Voorbericht
Onze literatuur van vroeger zou een openbaar park moeten zijn, maar zij is een geheime tuin, die de overige wereld evenmin kent als de meeste mensen in ons bezige, dichtbevolkte, volgekultiveerde land. Geen tovertuin, waar uitsluitend mirakuleuze bloemen groeien, maar een ommuurd stuk grond, dichtbegroeid met bomen, heesters, groente, aardappelen, sierplanten, onkruid, waaronder toch ook gewassen, die gezien mogen worden.
De onze is geen grandioze letterkunde, vergeleken bij die van sommige andere landen, maar zij is lang niet te versmaden en zij is nu eenmaal de onze. Wie er niet van weten wil, wil iets van zichzelf niet weten en dat is een bedenkelijke trek.
De inhoud van dit boek nu bestaat uit de resultaten van vluchtige blikken over de muur van die geheime tuin en enige nadere overpeinzingen daarbij. Dat wil zeggen, dat hier een aantal journalistieke beschouwingen gebundeld is, waarvan de meeste geschreven zijn naar aanleiding van de publikatie van verzamelde werken, memoires of literair-historische studies, aangevuld met teksten van lezingen over kwesties van literaire teorie.

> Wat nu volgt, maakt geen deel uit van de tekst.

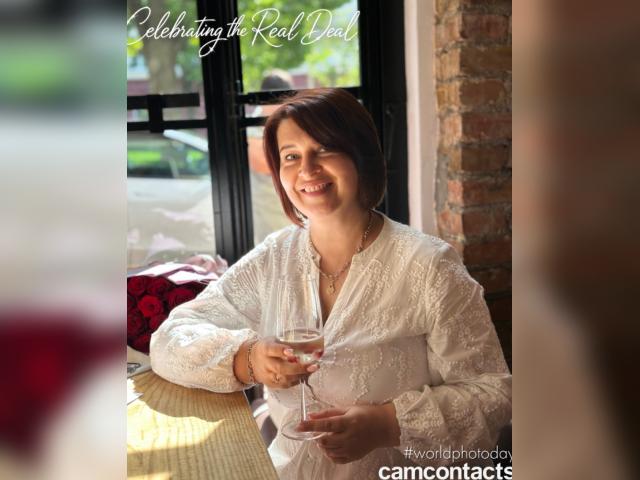 Welcome to cammodel profile for DreamLady: Lingerie & stockings
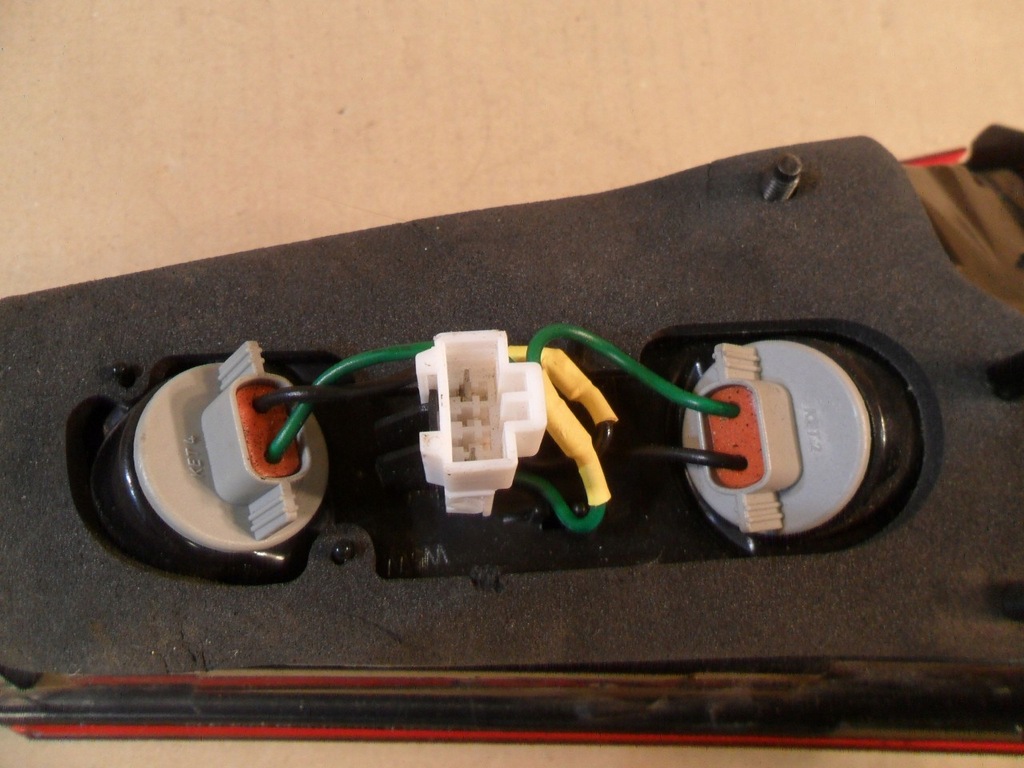 фото №14, Лампа задняя правая w крышка hyundai i20 ii 14-18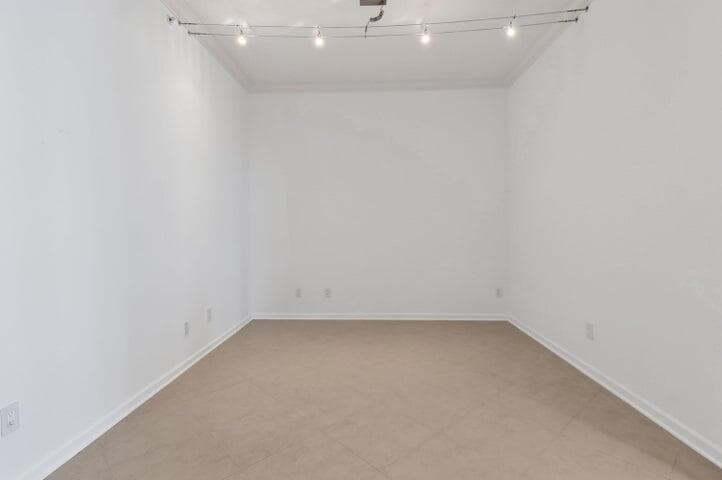 2650 Lake Shore Drive 106 photo 17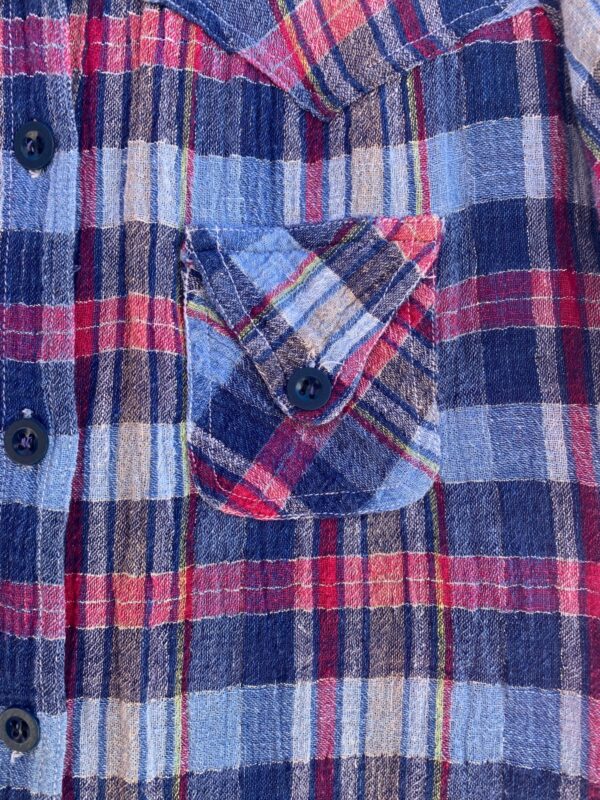 CUTE! 1970S PLAID INDIAN COTTON DOUBLE POCKET SHORT SLEEVE BUTTON DOWN TOP, SILVER THREADING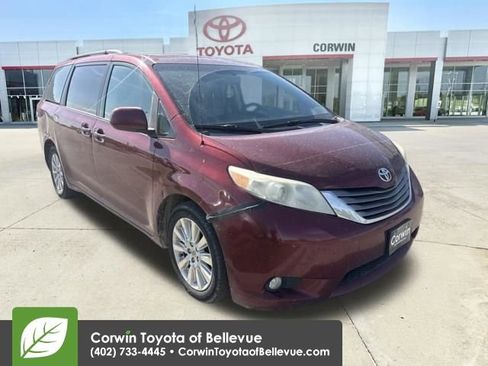 Used 2011 Toyota Sienna XLE AWD/4WD image 29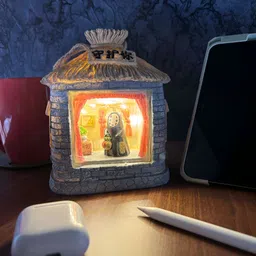 COMICSENSE Grey & Brown Textured Acrylic Abstract Shaped Table Lamp-31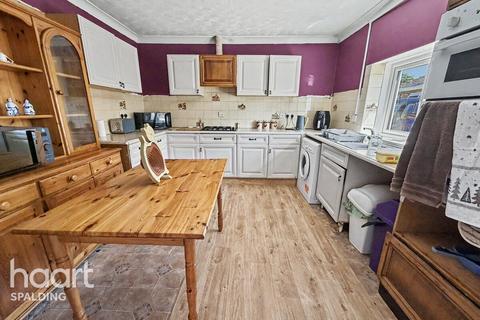 2 bed property, in Spalding PE12, £220,000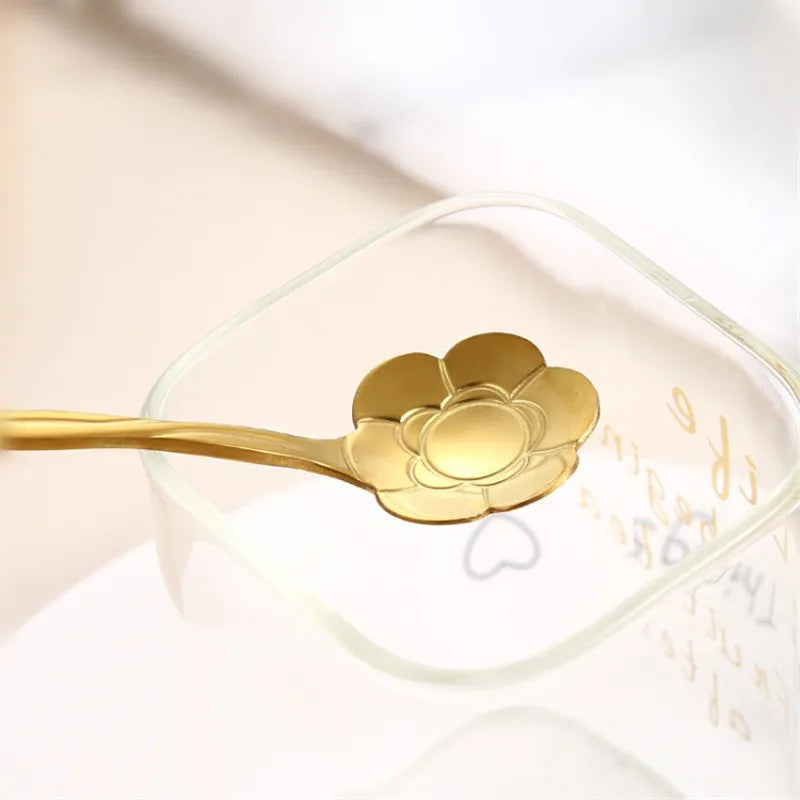 Stainless Steel Flower Spoon Set (8pcs)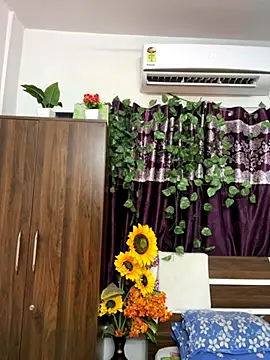 V-Hot-Sweti online show from 10-29-25, 05:23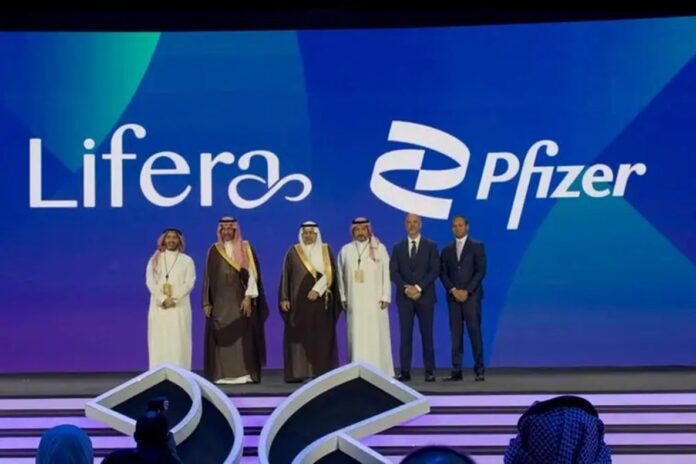 تفاهمنامه فایزر و لیفرا برای توسعه تولید دارو در عربستان سعودی در راستای چشمانداز ۲۰۳۰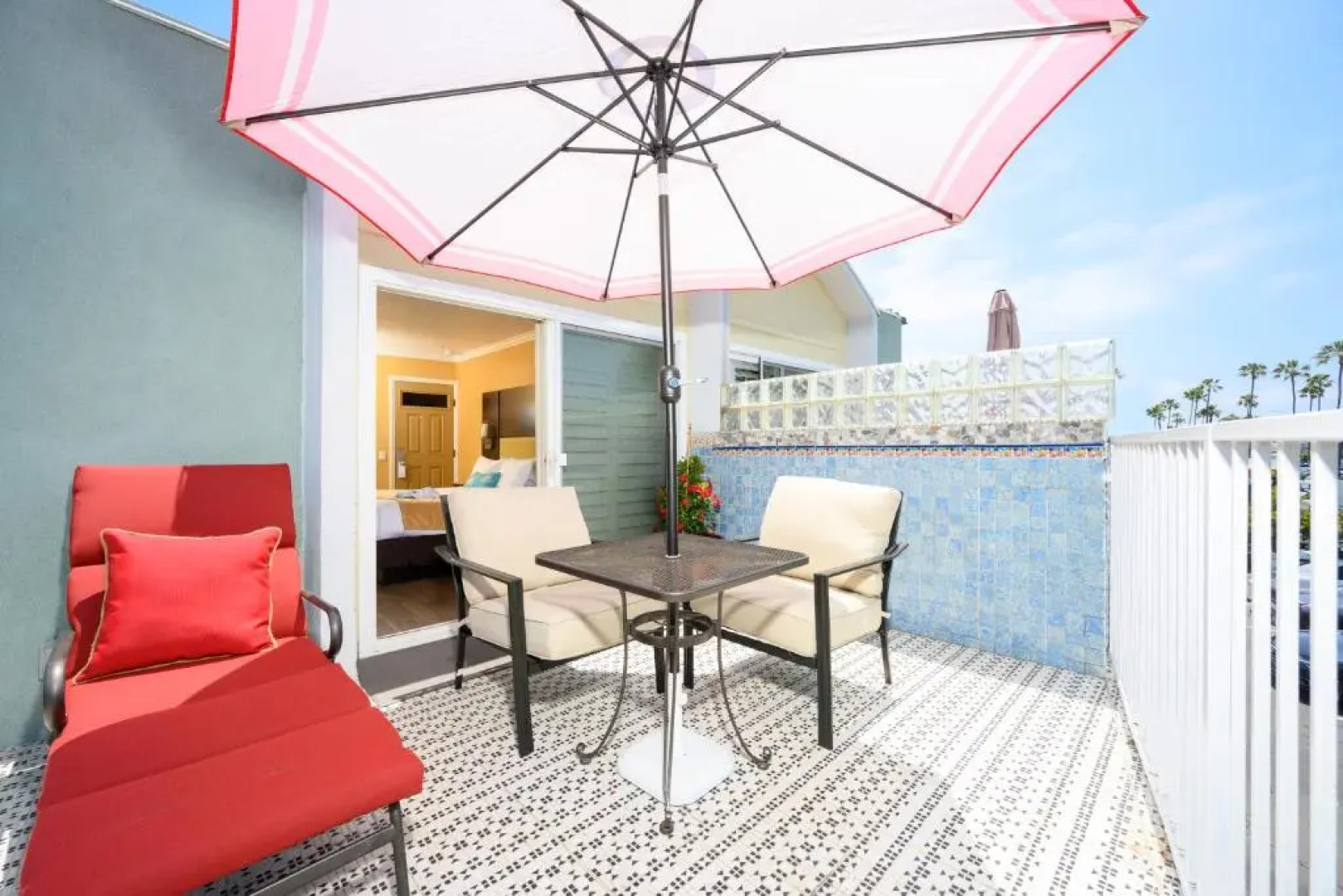 Little Inn By The Bay Newport Beach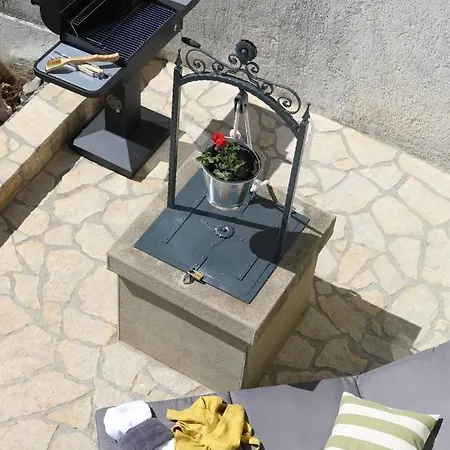 Dom wakacyjny House Marea With Jacuzzi *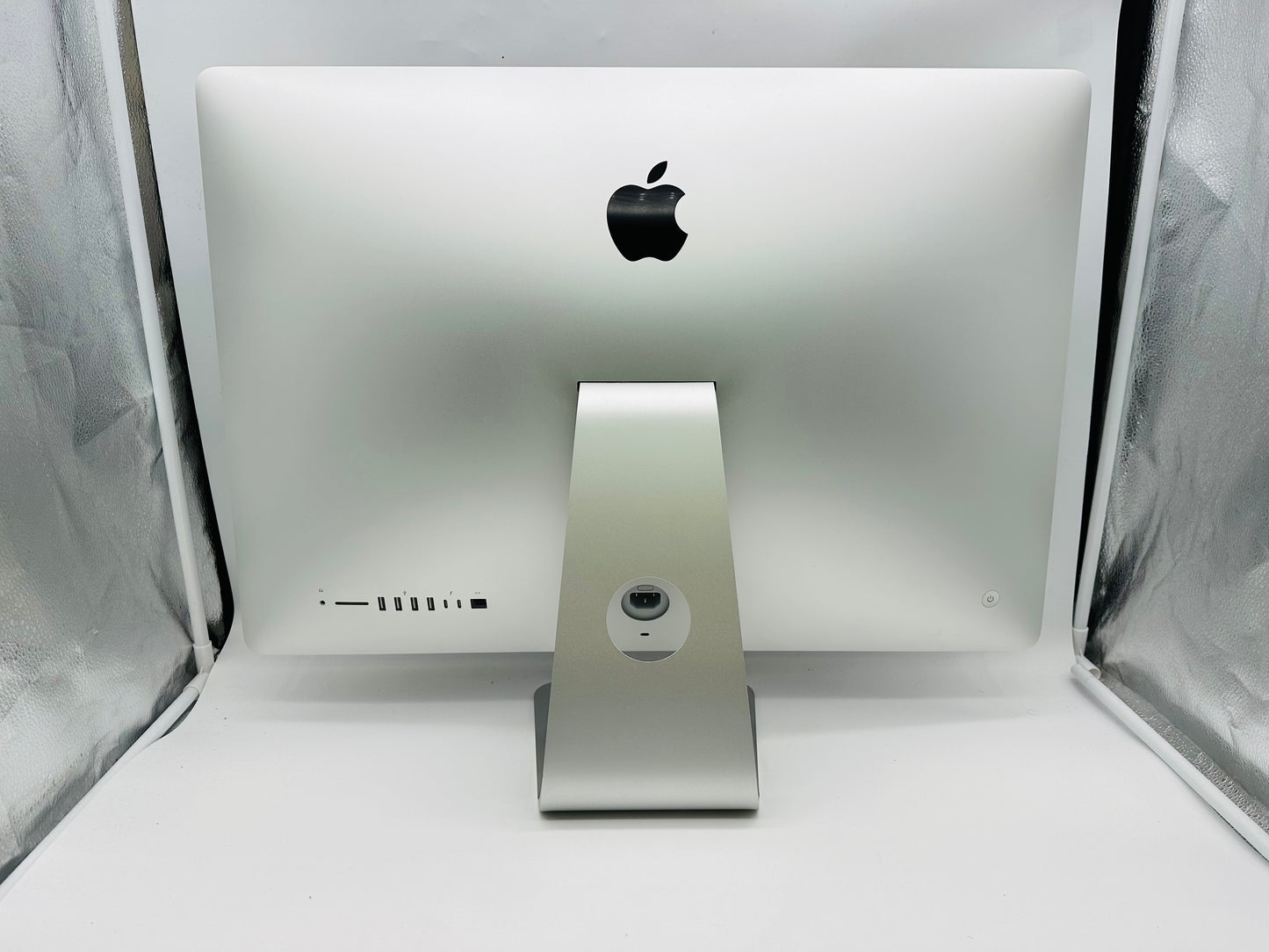Apple 2019 iMac 27 in 5K Retina 3.6GHz 8-Core i9 64GB RAM 512GB SSD RP580X 8GB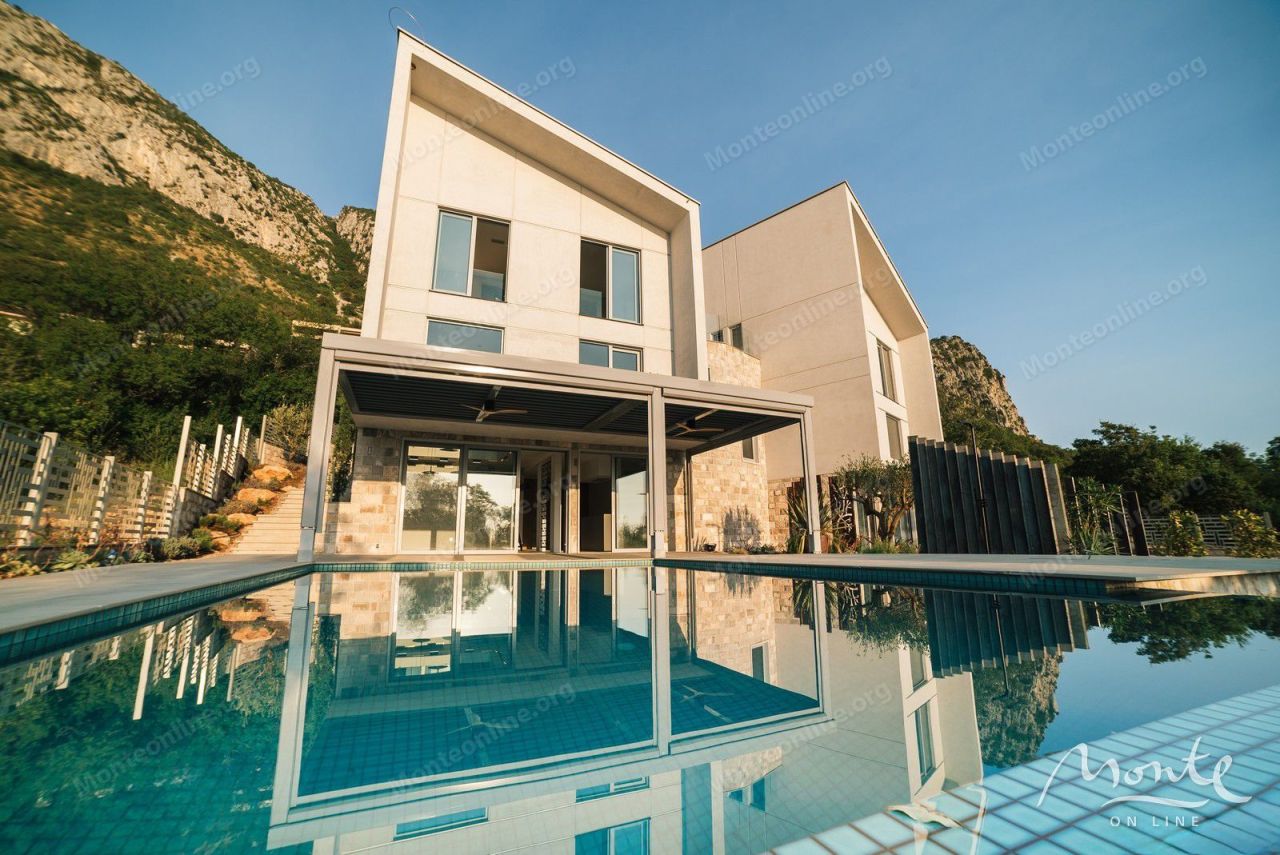 Villa in Budva, Montenegro, 227 m² - picture 1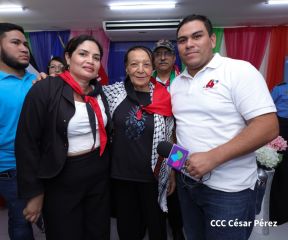Heroína palestina Leila Khaled de visita en Nicaragua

Ik ben dank verschuldigd aan de direktie van ‘Het Parool’ voor haar toestemming om eerder in dat dagblad verschenen artikelen op te nemen en aan Hendrik de Vries, die heeft goedgevonden, dat zijn in hetzelfde blad gepubliceerde brief naar aanleiding van mijn beschouwing over de dichter Bilderdijk hier werd herdrukt.